INFORMATION GIVEN:
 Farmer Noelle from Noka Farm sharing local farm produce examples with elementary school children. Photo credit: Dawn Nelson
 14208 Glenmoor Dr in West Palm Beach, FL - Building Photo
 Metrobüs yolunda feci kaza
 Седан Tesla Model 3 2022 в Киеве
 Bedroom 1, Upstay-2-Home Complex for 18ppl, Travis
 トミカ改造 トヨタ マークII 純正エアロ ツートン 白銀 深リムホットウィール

==

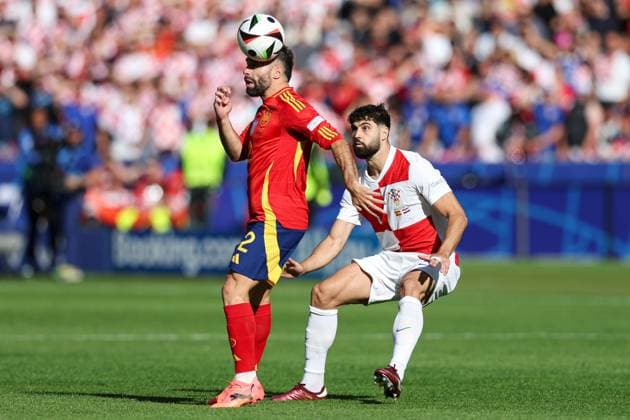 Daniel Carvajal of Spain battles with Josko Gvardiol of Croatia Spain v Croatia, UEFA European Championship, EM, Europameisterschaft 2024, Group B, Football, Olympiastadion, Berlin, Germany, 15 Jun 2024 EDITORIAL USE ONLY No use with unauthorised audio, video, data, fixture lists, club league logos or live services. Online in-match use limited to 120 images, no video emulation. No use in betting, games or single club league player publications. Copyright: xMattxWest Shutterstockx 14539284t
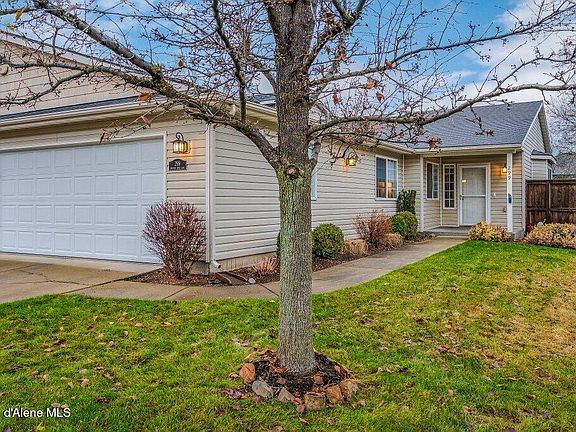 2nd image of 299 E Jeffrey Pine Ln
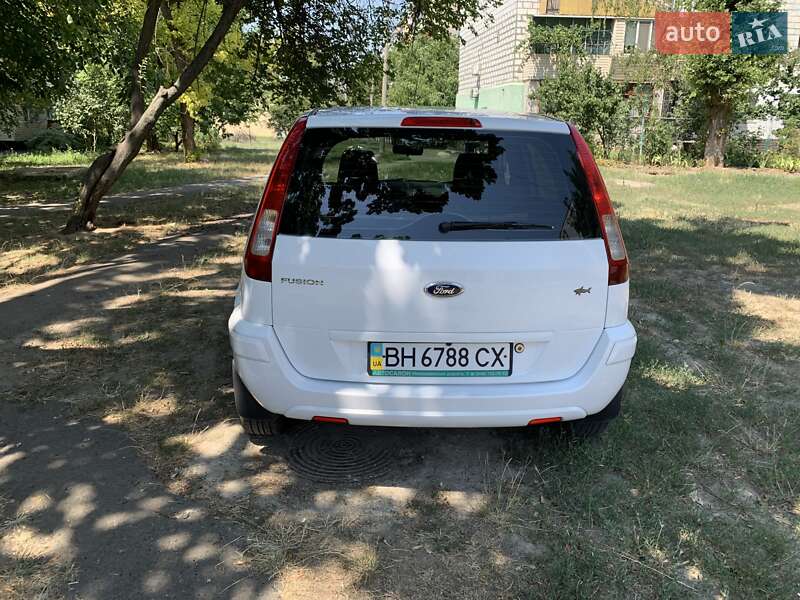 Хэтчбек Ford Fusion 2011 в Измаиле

...

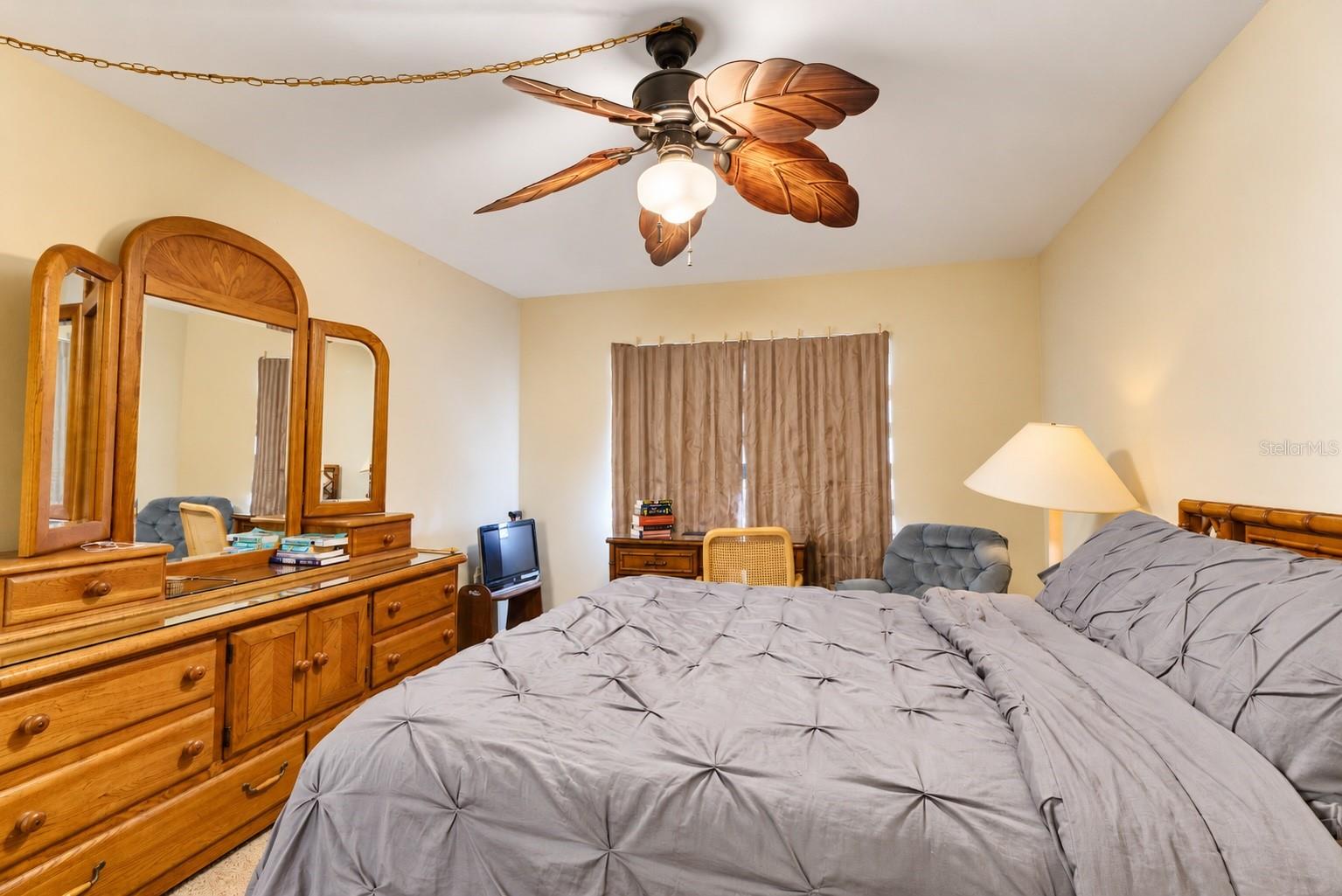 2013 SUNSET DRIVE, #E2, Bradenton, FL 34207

PROBLEM TO SOLVE: Taking the lines above, repeat exactly those from the line that contains "Farmer Noelle from" through the line that contains "トミカ改造 トヨタ マークII 純正エアロ ツートン 白銀 深リムホットウィール", and both of those lines as well. Include nothing else.

EXERCISE RESULT:
 Farmer Noelle from Noka Farm sharing local farm produce examples with elementary school children. Photo credit: Dawn Nelson
 14208 Glenmoor Dr in West Palm Beach, FL - Building Photo
 Metrobüs yolunda feci kaza
 Седан Tesla Model 3 2022 в Киеве
 Bedroom 1, Upstay-2-Home Complex for 18ppl, Travis
 トミカ改造 トヨタ マークII 純正エアロ ツートン 白銀 深リムホットウィール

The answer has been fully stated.